Currently, most solar panels are manufactured in China, but global demand and expanded manufacturing are growing the industry in Europe and the U.S. Solar energy, including the manufacture of current photovoltaic panels has a carbon footprint of around 30-60 g CO2/kWh, compared to coal-based energy which has around 500-1000 g CO2/kWh. As the solar industry grows, there will be more options to recycle solar panels, which contain valuable metals, but are 98% recyclable. Solar panels operate silently, without creating any air pollution, and take in energy from free sunlight. Even on cloudy days, they generate reliable power for over 700,000 homeowners in the U.S.

In Indiana, we produce 112 MW of solar energy already, basically power for 12,000 homes. And we are just getting started. What does that mean for emissions? The power Hoosiers currently get from the sun is enough to offset 100,000 metric tons of carbon emissions last year. In Indiana, there are 65 solar companies providing employment for about 1,500 people.

One such company is Whole Sun Designs in Wadesville, Indiana.

Ryan Zaricki, founder extraordinaire of Whole Sun Designs, grew up knowing that you don’t swim in the Ohio River, you don’t eat the fish, but that never sat right with him. After attending Rose-Hulman Institute of Technology in Terre Haute, he headed out to Colorado and worked in green buildings, learning skills in sustainable trades, thinking more critically about electricity and water. He was having fun. His dad needed his help building a house, so he found himself back in Southern Indiana, and he worked for another solar contractor for awhile, moving back and forth between here and Colorado as jobs presented themselves. But then, some Indiana projects fell into his lap and that was the beginning of his own business.

He says he got into the solar business for himself, “out of necessity. I don’t like working for other people and I saw a need for people to be doing solar in this area. My first job came from an email on a listserv, someone posted something about solar and I chimed in to offer my experience from what I saw in Colorado. A person asked about differentiating between bids, I helped out with that. They finally asked if I would just bid for the job…. Happy customers led to more customers.”

There was a drastic drop in solar prices in 2011, so the time was right.

Ryan says “I just wanted to make enough money to pay my bills and student loans, but work snowballed and we had the chance to hire some employees. We’re still a small crew – I don’t really want to become a huge company.”

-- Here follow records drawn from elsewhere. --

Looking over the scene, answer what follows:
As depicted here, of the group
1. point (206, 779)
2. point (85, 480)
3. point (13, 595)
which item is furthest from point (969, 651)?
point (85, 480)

There have been challenges, naturally, principally the lack of education about solar energy. Letting people know that solar works and how cost effective it is is something Indiana doesn’t do particularly well. Also, incentives for solar here aren’t what they were in Colorado. Incentives can irritate utility companies to not being solar-friendly, so it’s a double edged sword.

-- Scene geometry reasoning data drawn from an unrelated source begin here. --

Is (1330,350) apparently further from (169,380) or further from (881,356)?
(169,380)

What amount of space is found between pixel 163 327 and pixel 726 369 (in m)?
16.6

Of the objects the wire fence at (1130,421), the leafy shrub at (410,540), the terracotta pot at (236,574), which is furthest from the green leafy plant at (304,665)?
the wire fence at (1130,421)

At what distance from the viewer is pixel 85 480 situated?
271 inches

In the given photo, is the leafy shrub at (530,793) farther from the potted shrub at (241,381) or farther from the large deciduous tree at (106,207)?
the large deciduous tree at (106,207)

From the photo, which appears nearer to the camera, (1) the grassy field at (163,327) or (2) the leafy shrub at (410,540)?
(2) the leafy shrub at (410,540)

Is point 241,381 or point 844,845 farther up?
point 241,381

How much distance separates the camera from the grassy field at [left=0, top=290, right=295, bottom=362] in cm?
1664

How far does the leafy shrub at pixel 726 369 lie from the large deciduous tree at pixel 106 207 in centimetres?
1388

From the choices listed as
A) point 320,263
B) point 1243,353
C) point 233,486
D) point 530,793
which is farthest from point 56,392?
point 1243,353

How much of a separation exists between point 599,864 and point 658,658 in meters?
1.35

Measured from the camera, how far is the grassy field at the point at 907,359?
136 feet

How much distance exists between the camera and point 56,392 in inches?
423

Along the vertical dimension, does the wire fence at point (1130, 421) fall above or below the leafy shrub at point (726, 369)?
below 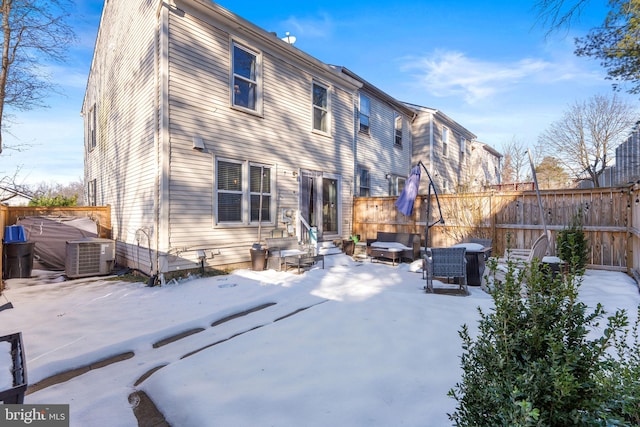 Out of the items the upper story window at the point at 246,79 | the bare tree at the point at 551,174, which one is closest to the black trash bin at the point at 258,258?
the upper story window at the point at 246,79

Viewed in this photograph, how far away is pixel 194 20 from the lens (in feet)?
22.8

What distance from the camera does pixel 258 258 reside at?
7.46 metres

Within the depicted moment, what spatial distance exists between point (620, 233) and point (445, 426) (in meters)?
7.80

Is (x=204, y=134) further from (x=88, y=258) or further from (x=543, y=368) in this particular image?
(x=543, y=368)

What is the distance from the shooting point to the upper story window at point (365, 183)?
12820 millimetres

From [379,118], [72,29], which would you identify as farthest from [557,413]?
[72,29]

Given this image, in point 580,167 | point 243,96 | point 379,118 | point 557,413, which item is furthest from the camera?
point 580,167

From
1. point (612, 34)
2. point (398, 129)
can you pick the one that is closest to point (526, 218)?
point (612, 34)

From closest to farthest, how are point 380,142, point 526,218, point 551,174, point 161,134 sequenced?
point 161,134 < point 526,218 < point 380,142 < point 551,174

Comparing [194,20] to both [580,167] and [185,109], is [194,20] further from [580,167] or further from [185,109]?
[580,167]

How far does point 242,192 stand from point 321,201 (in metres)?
3.24

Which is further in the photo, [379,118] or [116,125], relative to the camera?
[379,118]

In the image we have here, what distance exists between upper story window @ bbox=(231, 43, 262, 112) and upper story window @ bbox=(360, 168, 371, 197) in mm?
5822

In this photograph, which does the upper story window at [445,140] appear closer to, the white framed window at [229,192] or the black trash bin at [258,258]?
the white framed window at [229,192] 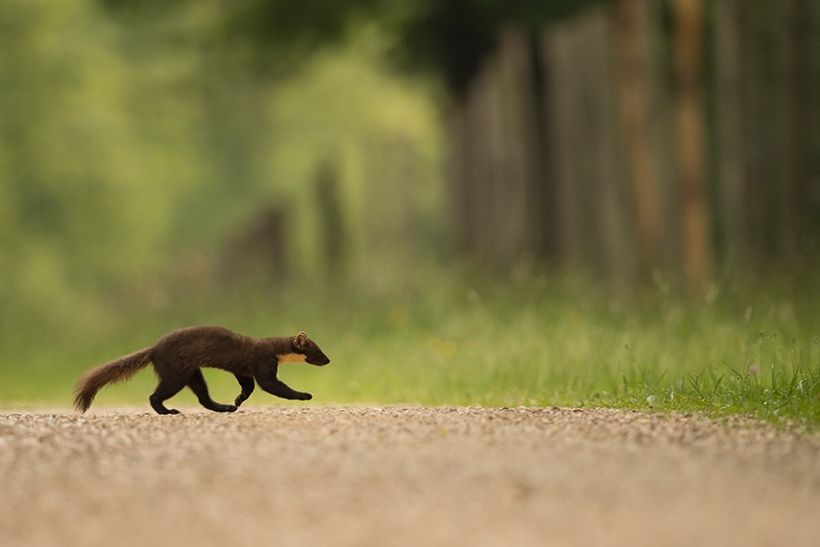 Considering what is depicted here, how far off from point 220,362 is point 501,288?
18.9ft

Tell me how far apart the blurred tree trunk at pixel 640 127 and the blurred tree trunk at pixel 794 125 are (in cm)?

We asked Ryan what surprises people most about investing in solar and we heard a common refrain: “It really is cost effective.” They install systems at Whole Sun Designs that are warranted for 25 years but pay for themselves in 10 years. Bigger systems can pay for themselves in 7 years. Compared to the stock market, Ryan says, “the rates of return are comparable to major investments. The technology is user friendly, zero maintenance, people can monitor their systems on a smart phone. The features people get are really cool.”

When Whole Sun does a solar assessment, they look for some basic things. First, a sunny, open sky, is a priority. Second, utility bills tell them how much electricity you are using, which can also lead to a conversation about energy efficiency and how expensive their electricity rates are relative to other customers. Vectren customers’ rates are a bit higher which helps the solar systems pay for themselves more quickly.

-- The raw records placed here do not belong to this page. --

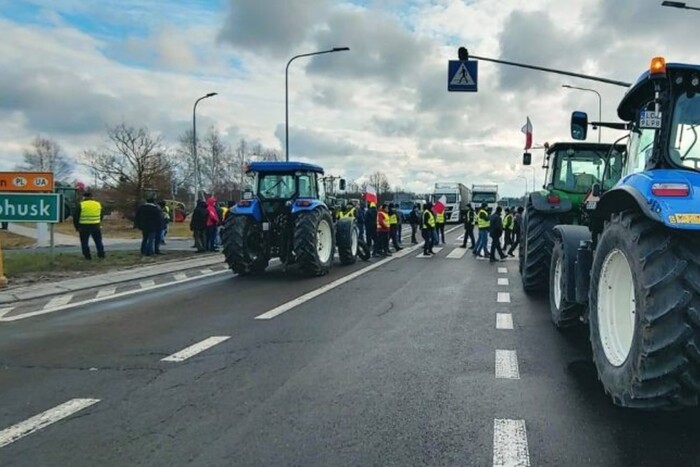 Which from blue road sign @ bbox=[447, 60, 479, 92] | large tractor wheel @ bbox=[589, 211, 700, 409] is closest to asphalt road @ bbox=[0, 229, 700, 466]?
large tractor wheel @ bbox=[589, 211, 700, 409]

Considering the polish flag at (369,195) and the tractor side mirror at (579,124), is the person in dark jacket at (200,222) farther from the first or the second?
the tractor side mirror at (579,124)

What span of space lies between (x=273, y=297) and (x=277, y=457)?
679 centimetres

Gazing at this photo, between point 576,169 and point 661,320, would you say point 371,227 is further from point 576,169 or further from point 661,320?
point 661,320

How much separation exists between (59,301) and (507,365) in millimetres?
7971

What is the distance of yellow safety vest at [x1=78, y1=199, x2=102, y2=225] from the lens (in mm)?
15984

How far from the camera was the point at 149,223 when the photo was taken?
17609 millimetres

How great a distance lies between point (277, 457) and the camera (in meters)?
3.87

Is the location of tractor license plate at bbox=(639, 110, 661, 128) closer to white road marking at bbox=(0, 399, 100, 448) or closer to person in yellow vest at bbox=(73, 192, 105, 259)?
white road marking at bbox=(0, 399, 100, 448)

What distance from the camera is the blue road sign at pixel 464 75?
709 inches

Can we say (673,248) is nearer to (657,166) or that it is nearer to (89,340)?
(657,166)

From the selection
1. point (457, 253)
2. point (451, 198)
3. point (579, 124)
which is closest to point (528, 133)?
point (457, 253)

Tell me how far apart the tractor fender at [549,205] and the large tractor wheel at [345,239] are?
6390mm

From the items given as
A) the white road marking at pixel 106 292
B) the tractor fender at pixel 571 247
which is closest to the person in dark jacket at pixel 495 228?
the tractor fender at pixel 571 247

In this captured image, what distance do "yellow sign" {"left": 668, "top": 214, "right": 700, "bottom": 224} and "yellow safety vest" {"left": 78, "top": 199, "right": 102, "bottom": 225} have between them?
14.9m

Once they work through all the details, and paperwork, they can install a system in just 2-4 days.

Despite more Hoosier homes going solar, there are still some wide-spread misconceptions about solar energy and PV systems. The most common? “That it’s expensive,” Ryan says. “Put it side by side with standard utility power and it blows it out of the water.”

He’s received some crazy questions over the years, about solar flares, requests to build a concentrator on a customer’s roof to reflect more sunlight into their panels. “It was pretty gaudy, aesthetically,” he adds.

The recent California Solar Initiative study had some early indicators of a consolidating solar market. There are about 5 big national solar installers that perform roughly half of residential PV installations. Outside those companies, there are thousands of smaller companies that serve a local area, referred to as the “long tail” of solar installers. Ryan’s company Whole Sun offers something special, that the big companies can’t: creating a relationship.

“From my point of view, once I realized my path was in a home/contractor type of work, I’ve always felt kind of humbled that people let me into their homes, into the deep, dark depths of their homes even! Their utility closets. It’s kind of a sacred space. It’s unlikely you’d let strangers into these places.”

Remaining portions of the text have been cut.